Yukino Tanaka, a 24-year-old woman with a history of stalking her former lover, grows infuriated by his apparently happy marriage and sets fire to the wood-frame apartment building where he lives, killing his wife and twin daughters. Readily confessing to the crime, she is convicted and sentenced to death. She refuses to appeal, and the case appears to be closed?except that it is not. With growing suspense, the story traces developments from when she receives her sentence until that sentence is carried out six years later.
Yukino was born to an unwed mother of 17 who worked as a bar hostess. Her mother subsequently married, but then died; after being abused by her stepfather, Yukino was taken in and raised by her grandmother. Falling in with a rough crowd while in middle school, she took part in a robbery that resulted in bodily injury and was sent to a youth correctional facility. After her release, she appeared to have been rehabilitated, but a year and a half later her live-in boyfriend Keisuke Inoue, 27, moved out, and when she later learned that he was married and his wife had given birth to twin girls, she flew into a rage and torched his apartment. This is the story reported by broadcast and print media, portraying her as a criminal personality. But there are a small number of men and women who question this narrative, and as each of them recounts his or her relationship with Yukino, the truth gradually comes into focus.
As the story progresses, the facts of the case enumerated by the convicting judge?Yukino’s negligent mother, a stepfather who brutally abused her, her participation in a robbery, the clearly premeditated nature of her crime?are overturned one after another, and it is revealed that Keisuke, whom the media had painted as a complete innocent, was not only an idler and habitual gambler but had been viciously violent with Yukino.

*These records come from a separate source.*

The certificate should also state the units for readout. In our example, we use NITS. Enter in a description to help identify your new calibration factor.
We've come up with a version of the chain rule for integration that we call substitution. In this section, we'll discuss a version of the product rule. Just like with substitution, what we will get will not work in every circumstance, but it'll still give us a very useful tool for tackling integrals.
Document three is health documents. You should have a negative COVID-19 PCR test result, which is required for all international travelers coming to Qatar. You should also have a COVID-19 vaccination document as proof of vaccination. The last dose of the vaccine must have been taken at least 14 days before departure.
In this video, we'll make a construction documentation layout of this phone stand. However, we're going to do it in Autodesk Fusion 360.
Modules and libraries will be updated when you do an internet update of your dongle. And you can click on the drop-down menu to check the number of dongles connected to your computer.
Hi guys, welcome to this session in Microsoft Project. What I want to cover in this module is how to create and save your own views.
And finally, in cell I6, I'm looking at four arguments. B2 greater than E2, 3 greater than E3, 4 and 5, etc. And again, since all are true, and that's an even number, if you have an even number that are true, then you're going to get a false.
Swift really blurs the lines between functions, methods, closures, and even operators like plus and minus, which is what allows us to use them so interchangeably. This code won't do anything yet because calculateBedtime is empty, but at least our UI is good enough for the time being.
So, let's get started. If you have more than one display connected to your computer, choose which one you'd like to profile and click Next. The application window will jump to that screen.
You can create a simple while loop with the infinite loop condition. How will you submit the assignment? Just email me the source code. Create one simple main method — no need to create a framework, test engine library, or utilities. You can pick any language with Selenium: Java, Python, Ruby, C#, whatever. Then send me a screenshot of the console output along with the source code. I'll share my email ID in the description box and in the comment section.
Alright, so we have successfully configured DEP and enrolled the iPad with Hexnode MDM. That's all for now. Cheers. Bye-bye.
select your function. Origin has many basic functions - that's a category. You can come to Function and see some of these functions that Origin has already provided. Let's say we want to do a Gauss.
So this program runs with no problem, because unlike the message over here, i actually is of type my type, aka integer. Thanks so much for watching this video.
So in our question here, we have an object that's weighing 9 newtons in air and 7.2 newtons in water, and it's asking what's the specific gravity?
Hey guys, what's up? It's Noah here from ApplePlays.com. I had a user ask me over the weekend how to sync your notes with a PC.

Two neighborhood friends of Yukino’s from her grade-school years?the happiest days of her troubled life?play crucial roles in bringing the truth to light. Shō, who was a year ahead of Yukino in school, has grown up to be a lawyer. After meeting Yukino for the first time in 18 years he begins re-interviewing, on his own time, all parties of interest in the case. He then urges Yukino to request a new trial, but she refuses. During his review of the case, Shō also renews his acquaintance with their mutual friend Shin’ichi. All those years ago, Shin’ichi had vowed to protect Yukino, and he has never for a moment doubted her innocence. He realizes that she is refusing to appeal her case because the betrayals and abuse of a lifetime have caused her to abandon all hope, and given her a death wish. He pieces together what actually happened: the apartment building was set on fire by a group of delinquent youths in the neighborhood who wanted to get back at the landlord for yelling at them. The ringleader killed himself two years ago. On the very day Shin’ichi is able to obtain the youth’s diary as proof, Yukino’s death sentence is carried out.
The work highlights the remarkable power of the connections people form with one another, and has garnered attention for the way it delves into controversies surrounding media coverage as well as the pros and cons of capital punishment.